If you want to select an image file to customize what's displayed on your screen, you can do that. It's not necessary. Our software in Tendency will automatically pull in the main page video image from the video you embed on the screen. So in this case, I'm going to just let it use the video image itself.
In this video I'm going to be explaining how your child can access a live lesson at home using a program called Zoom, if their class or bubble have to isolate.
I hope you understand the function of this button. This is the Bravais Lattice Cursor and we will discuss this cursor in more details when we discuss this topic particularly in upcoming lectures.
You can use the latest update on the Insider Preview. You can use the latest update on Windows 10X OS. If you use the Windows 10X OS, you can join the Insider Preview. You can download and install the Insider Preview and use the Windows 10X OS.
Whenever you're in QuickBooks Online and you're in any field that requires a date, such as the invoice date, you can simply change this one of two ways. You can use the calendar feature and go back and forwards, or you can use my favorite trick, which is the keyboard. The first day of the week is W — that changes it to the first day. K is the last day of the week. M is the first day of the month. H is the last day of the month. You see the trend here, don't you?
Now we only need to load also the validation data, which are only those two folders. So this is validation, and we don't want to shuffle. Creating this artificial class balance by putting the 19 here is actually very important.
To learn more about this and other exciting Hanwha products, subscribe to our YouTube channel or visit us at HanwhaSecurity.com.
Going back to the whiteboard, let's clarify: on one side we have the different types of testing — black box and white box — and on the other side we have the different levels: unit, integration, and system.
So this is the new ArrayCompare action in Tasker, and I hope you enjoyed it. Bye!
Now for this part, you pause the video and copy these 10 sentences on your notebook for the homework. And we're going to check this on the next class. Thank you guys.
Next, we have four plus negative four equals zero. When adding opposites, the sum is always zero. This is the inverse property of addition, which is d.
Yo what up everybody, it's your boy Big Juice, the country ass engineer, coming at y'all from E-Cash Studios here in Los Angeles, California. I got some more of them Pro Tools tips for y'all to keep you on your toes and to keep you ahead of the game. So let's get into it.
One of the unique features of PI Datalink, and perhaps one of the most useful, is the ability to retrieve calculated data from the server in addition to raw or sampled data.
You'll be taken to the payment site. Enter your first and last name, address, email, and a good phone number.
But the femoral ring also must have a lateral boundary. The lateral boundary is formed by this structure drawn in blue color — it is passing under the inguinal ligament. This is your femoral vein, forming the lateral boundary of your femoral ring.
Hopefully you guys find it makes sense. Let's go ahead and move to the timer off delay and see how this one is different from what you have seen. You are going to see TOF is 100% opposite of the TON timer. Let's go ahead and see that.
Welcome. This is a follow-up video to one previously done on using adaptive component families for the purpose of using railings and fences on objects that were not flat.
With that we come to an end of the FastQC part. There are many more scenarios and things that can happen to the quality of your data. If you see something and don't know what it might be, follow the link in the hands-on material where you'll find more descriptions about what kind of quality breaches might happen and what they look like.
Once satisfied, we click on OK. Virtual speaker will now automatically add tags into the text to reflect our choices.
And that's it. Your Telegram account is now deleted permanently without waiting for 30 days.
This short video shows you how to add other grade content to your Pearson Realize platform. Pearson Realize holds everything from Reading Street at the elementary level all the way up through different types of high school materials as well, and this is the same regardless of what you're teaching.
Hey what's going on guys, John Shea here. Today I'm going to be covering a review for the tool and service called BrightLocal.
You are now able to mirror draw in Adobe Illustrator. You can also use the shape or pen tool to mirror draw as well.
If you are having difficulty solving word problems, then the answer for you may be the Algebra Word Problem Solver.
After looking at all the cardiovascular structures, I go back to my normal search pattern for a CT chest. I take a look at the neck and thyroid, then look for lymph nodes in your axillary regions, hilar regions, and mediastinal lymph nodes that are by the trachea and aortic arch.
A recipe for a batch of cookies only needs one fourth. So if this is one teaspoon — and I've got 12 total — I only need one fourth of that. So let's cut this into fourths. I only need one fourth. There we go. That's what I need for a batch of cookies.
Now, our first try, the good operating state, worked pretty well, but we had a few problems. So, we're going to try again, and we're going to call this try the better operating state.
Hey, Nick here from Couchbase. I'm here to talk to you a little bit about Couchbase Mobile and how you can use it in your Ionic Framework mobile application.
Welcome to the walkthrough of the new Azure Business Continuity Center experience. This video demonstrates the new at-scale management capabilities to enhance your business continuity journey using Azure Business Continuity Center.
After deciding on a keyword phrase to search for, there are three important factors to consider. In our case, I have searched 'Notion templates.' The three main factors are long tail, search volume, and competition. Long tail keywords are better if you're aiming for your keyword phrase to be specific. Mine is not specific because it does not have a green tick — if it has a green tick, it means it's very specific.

* PROBLEM
Everything from the first line of the records above through the line containing "To learn more" should be restated word for word; leave out all other lines.

* TASK OUTPUT
If you want to select an image file to customize what's displayed on your screen, you can do that. It's not necessary. Our software in Tendency will automatically pull in the main page video image from the video you embed on the screen. So in this case, I'm going to just let it use the video image itself.
In this video I'm going to be explaining how your child can access a live lesson at home using a program called Zoom, if their class or bubble have to isolate.
I hope you understand the function of this button. This is the Bravais Lattice Cursor and we will discuss this cursor in more details when we discuss this topic particularly in upcoming lectures.
You can use the latest update on the Insider Preview. You can use the latest update on Windows 10X OS. If you use the Windows 10X OS, you can join the Insider Preview. You can download and install the Insider Preview and use the Windows 10X OS.
Whenever you're in QuickBooks Online and you're in any field that requires a date, such as the invoice date, you can simply change this one of two ways. You can use the calendar feature and go back and forwards, or you can use my favorite trick, which is the keyboard. The first day of the week is W — that changes it to the first day. K is the last day of the week. M is the first day of the month. H is the last day of the month. You see the trend here, don't you?
Now we only need to load also the validation data, which are only those two folders. So this is validation, and we don't want to shuffle. Creating this artificial class balance by putting the 19 here is actually very important.
To learn more about this and other exciting Hanwha products, subscribe to our YouTube channel or visit us at HanwhaSecurity.com.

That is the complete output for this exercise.